The squeeze on low-income households has driven the payday loans market. While there have been improvements in the regulation of payday lenders, predatory lending still goes on and it’s the poorest in society who are most affected. People in poverty pay more for their essential services, just as they pay more for credit. Small loans can quickly spiral out of control. Interest rates on payday loans have been capped by government, but can still reach 1,509%.
Now, is the collapse of Wonga really good thing? Let’s take a look…
Who are Wonga?
Founded in 2006, Payday loan company Wonga set out to offer short-term loans to its customers at high interest rates. Wonga described its concept as a convenient service for internet-savvy consumers, with loans being authorised quickly on smartphones and delivered to bank accounts in minutes.
Wonga’s collapse…
Wonga is perhaps the most well-known payday loan company. It is famed for its controversial adverts, extortionate interest rates and reckless lending. In 2014 Wonga was ordered to pay £2.6 million in compensation for unfair and misleading debt collection practices. In July 2014, the Financial Conduct Authority announced plans to cap fees charged by payday lenders. Beset by several scandals, Wonga tipped into collapse following a surge in customer compensation claims.
How does household debt affect UK society?
According to The Money Charity, the Citizen’s Advice Bureau in England and Wales dealt with 2,397 new debt problems every day in August 2018. The Money Advice Service have reported that there are now 8.3 million people in the UK with problem debts. Now, what effect does this have on society? With a quarter of the UK’s poorest households getting deeper in debt, we have to consider the kind of society we have become. The age of austerity appears to be punishing the poorest and the most vulnerable. Payday lenders prey on the desperation of the poorest.
A report by Citizens Advice, A debt effect?, explores the relationship between unmanageable debt and wider problems in people’s lives. Unmanageable debt has been shown to be connected to financial exclusion, family breakdown and poor physical and mental health. The report suggests that debt both contributes to and is a product of poor mental health. Debt has a harmful effect on personal relationships and contributes to family breakdown. And indebtedness amongst unemployed people can serve as a disincentive to work. Where is the incentive if earnings are taken up in debts and interest?
Who uses Payday loans?
According to the Institute of Fiscal Studies (IFS), being in arrears on debts or other payment obligations is highly concentrated amongst the lowest income households. The people most likely to take out a payday loan are those without any other access to credit and least likely to be able to repay, sparking a downward spiral of debt.

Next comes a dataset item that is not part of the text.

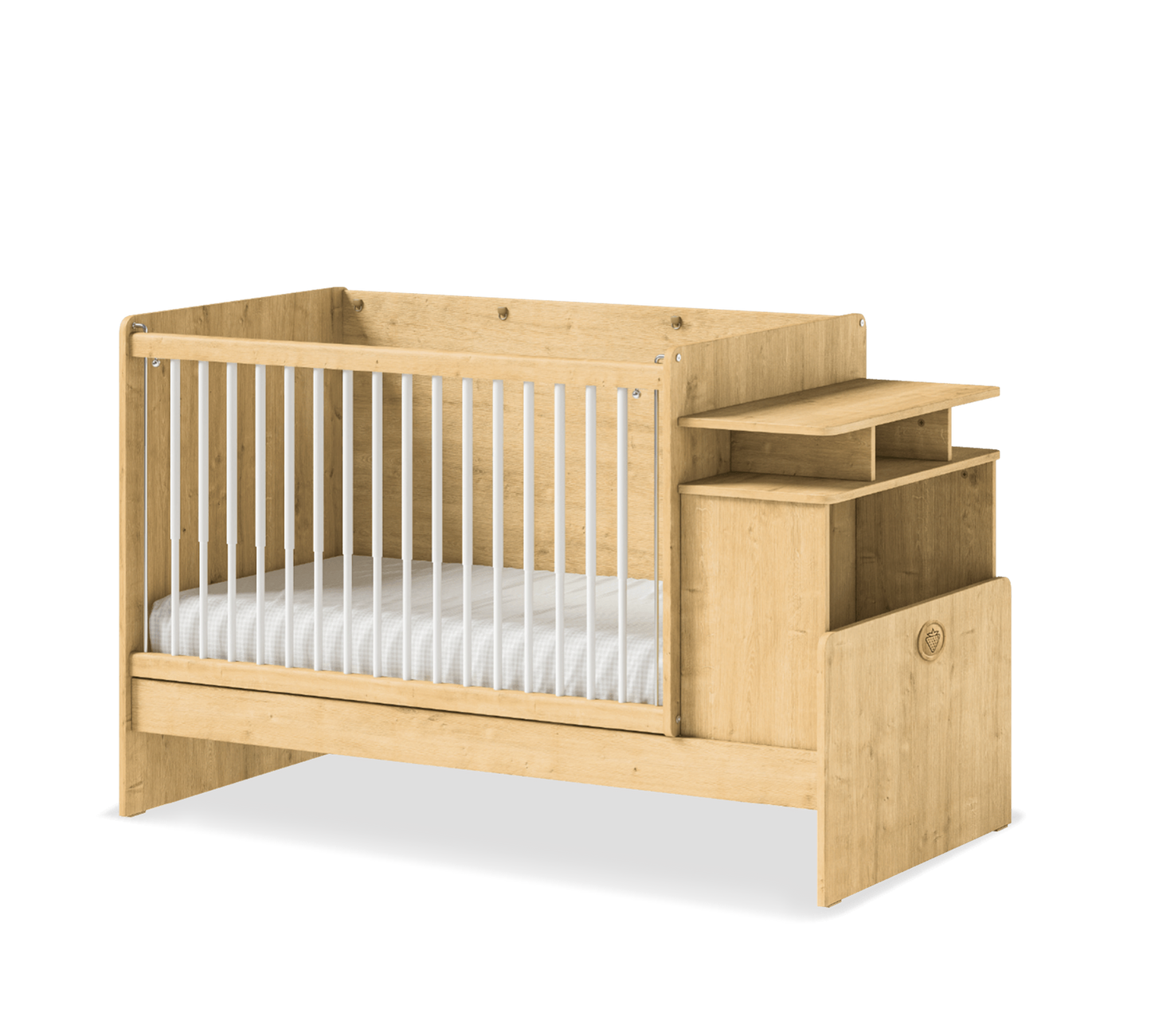 Lit bébé transformable Moka Baby avec table et poignée télescopique (70x115-70x140 Cm)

What are the alternatives to payday loans?
Many people take out a payday loan when they are in a desperate situation. For people with a poor credit rating it can seem like the only option, but there are other more cost-effective loan alternatives. Guarantor loans, for example, are much more affordable loan for those with a poor credit history than payday loans. The biggest problem for people who are more likely to be drawn in by payday loans is the lack of access to good advice.
Why payday loans are bad…
Payday loans aren’t just bad for those stuck in a cycle of poverty and increasing debt, they are bad for the collective good of our economy and society. People servicing debt aren’t spending as much money on other things. The overall economy is affected. There is also the issue of mental health and debt and the cost of that to society in the form of healthcare and in people’s ability to work and contribute to the tax system.
According to a recent report in The Guardian, there is a picture of rising inequality in the UK. The International Monetary Fund, who specialise in rescuing troubled economies, recognises that some inequality is inevitable in a market-based economic system, but also that excessive inequality can erode social cohesion.

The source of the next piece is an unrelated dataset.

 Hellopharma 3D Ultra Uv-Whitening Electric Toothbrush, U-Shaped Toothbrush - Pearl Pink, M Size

With all this said, is Wonga’s collapse really a good thing for the UK?
The collapse of Wonga is only a good thing if other payday loan companies don’t fill their shoes. Speaking to iNews about Wonga’s collapse, Nick Butler, a visiting professor at King’s College London, and former senior policy adviser to Gordon Brown, says that Wonga’s collapse could push people towards loan sharks. “I don’t love Wonga but I am afraid many people will fall out of desperation into the hands of money lenders who operate outside of the law.”
Actor Michael Sheen has scaled back his acting career to campaign against high-interest credit providers. He says “We share a moral responsibility to help protect vulnerable customers from the harm high-cost credit causes. The evidence on the impact on our health and well-being is now overwhelming. We have the evidence. Now we need action.”